もちろん、現実にはさまざまな市場において利潤あるいは損失が存在している。しかしながら、ワルラスの「無利潤論」の立場から言えば、それは、市場がいまだ均衡に至っていないこと、あるいはさまざまな摩擦的要因や社会制度によって完全競争の条件が成立していないことを意味するにすぎない。

(同101頁)

繰り返せば、中谷はマーケットメカニズムが完全に働いているとき、社会は活性化すると語った。やる気のある人、がんばった人がそれだけ報いられ、利潤を獲得することができるからだ。しかしながら、ワルラスがここで指摘しているのは、マーケットメカニズムが完全に働いているときには、利潤は生まれないということである。

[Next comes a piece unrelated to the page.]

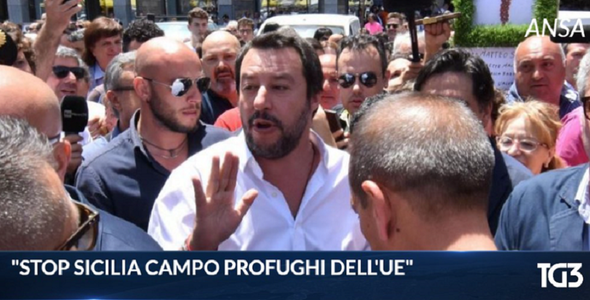 Salvini spune, în Sicilia, că vrea ca insula italiană să nu mai fie ”tabăra de refugiaţi a Europei”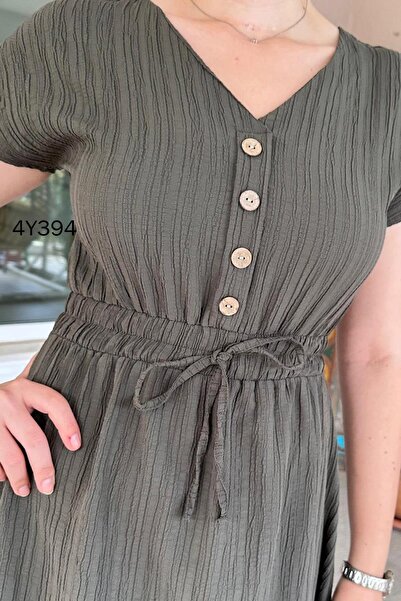 İnce Topuk Button Detailed Elastic Waist Dress - 4Y394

裏返せば、企業に利潤が生まれているとき、そこには不完全競争が存在し、価格は均衡していない。少なくとも人々と企業を活気づけるような「より多くの」利潤が存在しているときには、以上の命題は「正」である。(少なくとも「長期的な」均衡にいたる過渡的状態である。)マーケティングとは、不完全競争を生み出すための手段なのである。

どんでんはかえされた。社会を活性化させるためには、人々の鼻先にニンジンをぶら下げる必要がある。それはマーケットメカニズムが完全に機能しているような「民主主義的」状態とは位相が異なる。